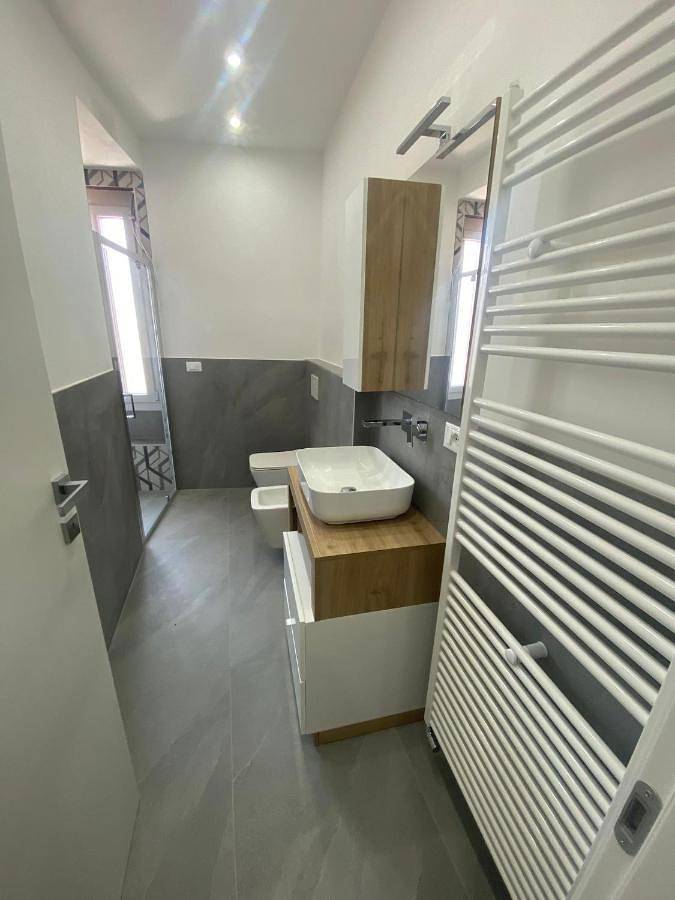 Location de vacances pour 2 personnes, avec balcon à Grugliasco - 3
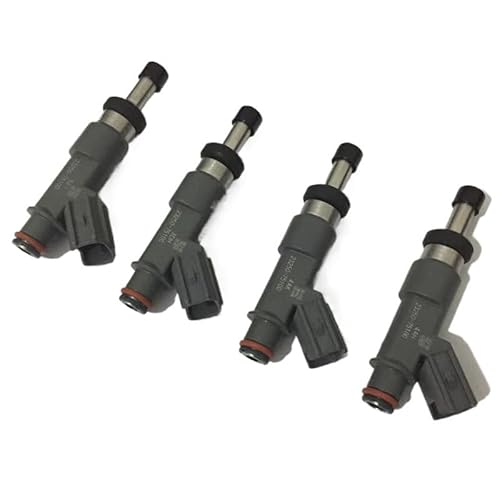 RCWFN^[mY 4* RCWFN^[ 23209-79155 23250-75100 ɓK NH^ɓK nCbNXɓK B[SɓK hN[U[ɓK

------

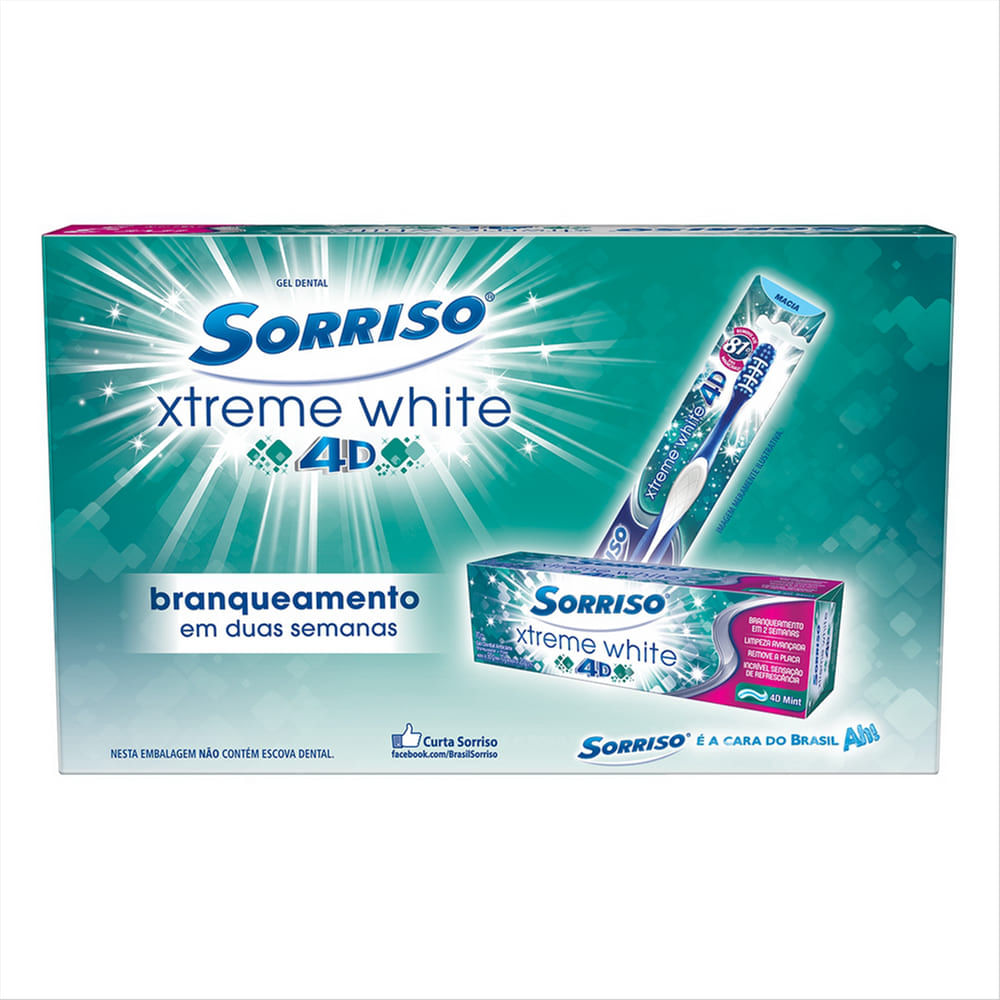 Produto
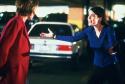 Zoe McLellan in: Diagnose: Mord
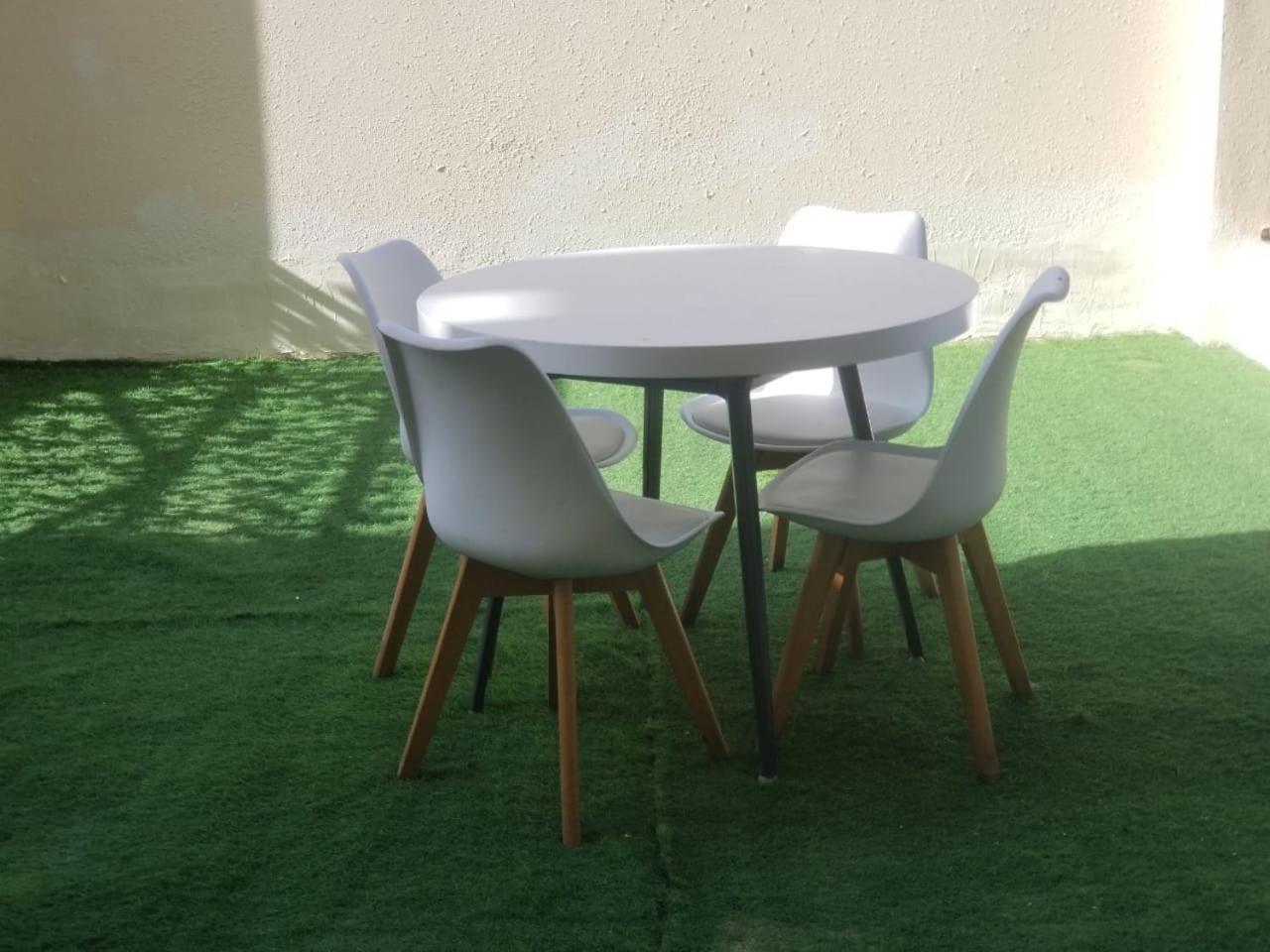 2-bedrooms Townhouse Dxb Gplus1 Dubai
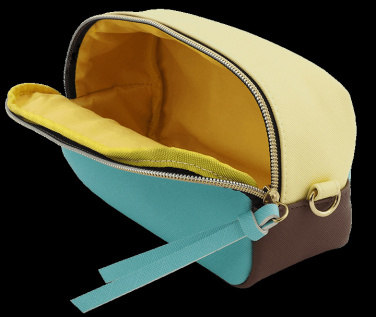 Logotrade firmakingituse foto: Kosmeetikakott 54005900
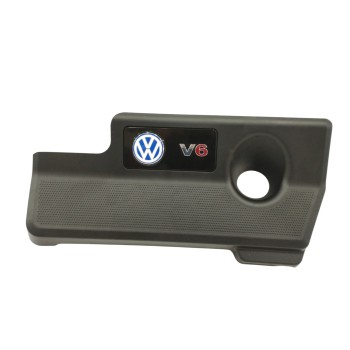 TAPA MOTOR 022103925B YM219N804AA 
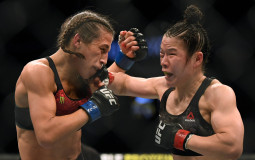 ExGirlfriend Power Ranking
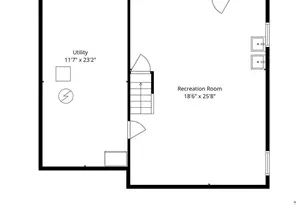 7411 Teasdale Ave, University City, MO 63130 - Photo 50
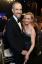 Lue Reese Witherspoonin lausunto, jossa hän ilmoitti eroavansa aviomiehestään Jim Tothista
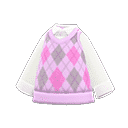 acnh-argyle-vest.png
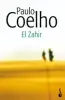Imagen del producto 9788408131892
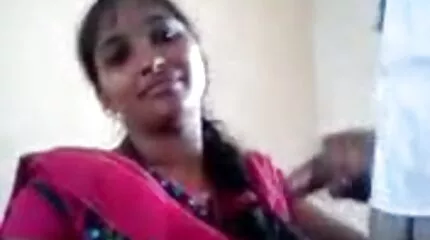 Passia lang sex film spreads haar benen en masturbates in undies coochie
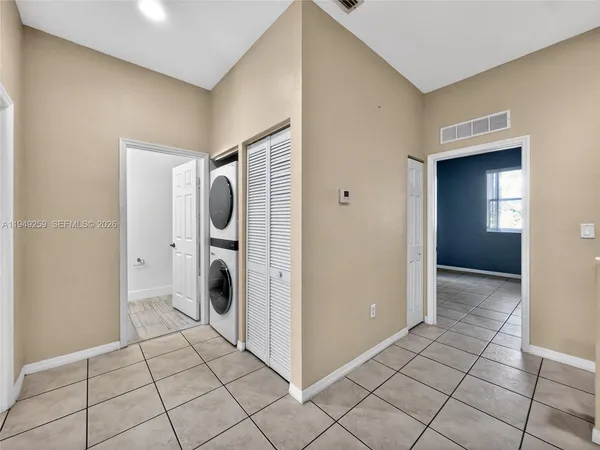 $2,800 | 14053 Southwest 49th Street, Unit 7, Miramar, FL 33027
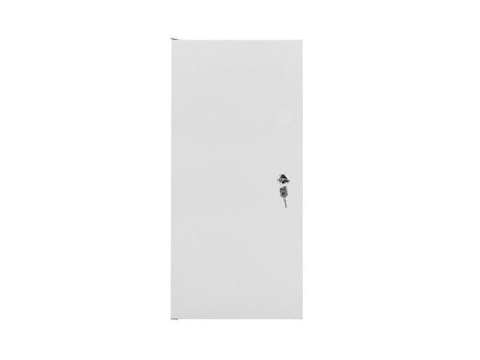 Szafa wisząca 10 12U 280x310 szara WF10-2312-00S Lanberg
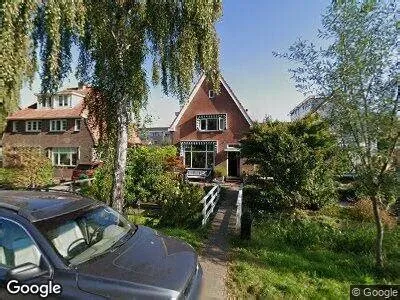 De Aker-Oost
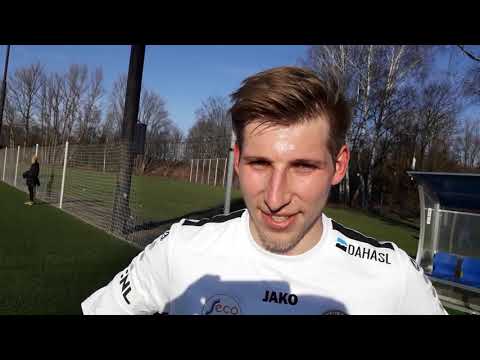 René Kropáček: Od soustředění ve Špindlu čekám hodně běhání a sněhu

------

▶ WHAT IS REQUIRED
Reproduce exactly the lines of the data above that run from the line with "De Aker-Oost" down to the line with "René Kropáček: Od", both ends included. Pictures do not belong in the copy.

▶ EXERCISE ANSWER
 De Aker-Oost
 René Kropáček: Od soustředění ve Špindlu čekám hodně běhání a sněhu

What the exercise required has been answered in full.